"People will think..." "What I tell them to think!": 5 notes on the ever eerily relevant Citizen Kane (1941)

1) Given its "classic" status, it is easy to forget that Orson Welles' Citizen Kane (1941) was made in a spirit of savage mockery of yellow journalism newspaper magnate William Randolph Hearst, a man whose media empire allowed him to guide mass public opinion as he pleased, even to the point of trying his durndest to destroy Citizen Kane. Who could we compare Kane to nowadays? A man who builds his career around lies? A man who, when he loses an election, turns to the headline "Fraud at polls!" to save face? Instead of maintaining that big lie, as some might have done recently, Kane turns his attention to propagandistically supporting the career of his wife, Susan Alexander (Dorothy Comingore) as an opera star even though she can't sing. 

2) The movie's spirit of vicious satire I believe gets lost in our latter-day impulse to bend the knee before this august cinematic achievement with movies like Mank (2020), a kind of retelling of the writing of the movie from Herman J. Mankiewicz's point of view, Welles' collaborator on the screenplay. But Herman's alcoholic perspective is something of a drag compared to the up-and-coming wunderkind Welles with his fun with having a final cut and a movie studio (RKO Radio Pictures) to play with like some gigantic train set.  

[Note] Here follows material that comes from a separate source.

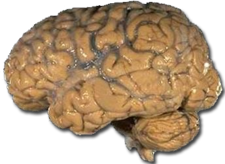 Human brain NIH.png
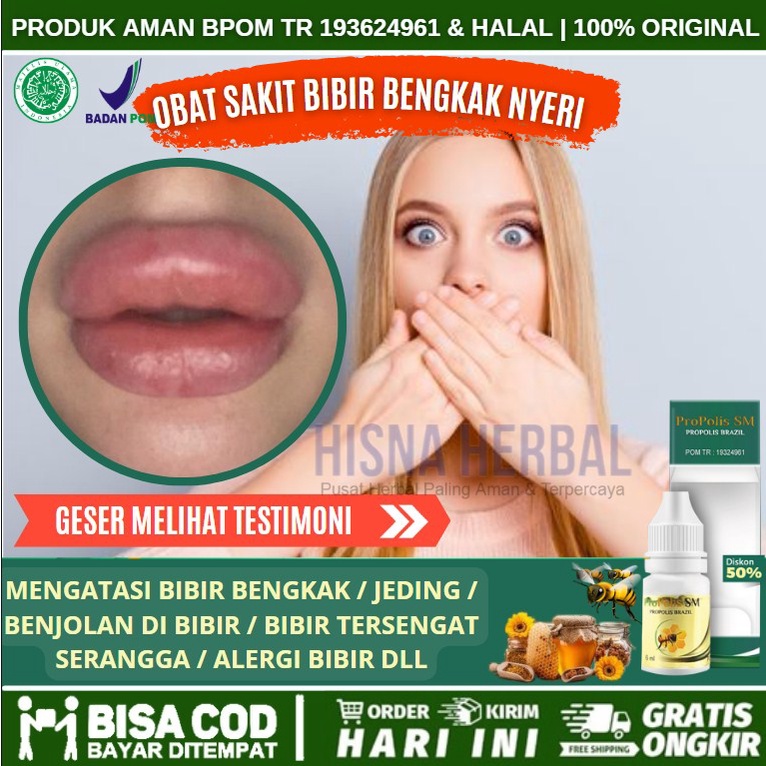 Obat Bibir Bengkak Karena Sariawan, Obat Tetes Bibir Pecah Pecah, Obat Oles Pelembab Bibir Yang Keri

3) Also, 26 year old Orson's charisma also complicates our responses to the film. How are we supposed to feel about the young millionaire as he "thinks it would be fun to run a newspaper," doing anything he "can think of" to get attention even as our local newspapers are replaced with the lying posts of social media and the stalwart branded articles of The New York Times (which I read every day). How much should we consider Kane's innovations of The New York Daily Inquirer as a forerunner of the Fox News Network and the 24 hour news cycle? Is part of our problem the fact that Kane is insufficiently hateful even as the newsreel points out that he "was hated by many more"? Do we view the song and dance "Charlie Kane" scene through the "Me Too" lens given his stolen kiss of one of the showgirls, or do we enjoy Welles' pleasure in sending up the musical convention with a bit of semi-inept soft shoe dancing even as Jedediah (Joseph Cotton) satirically blows smoke on Kane's reflection in the window? Kane gets his comeuppance from both of his wives, but the movie takes its tragic turns uneasily, since Welles was clearly having so much fun learning how to make a film.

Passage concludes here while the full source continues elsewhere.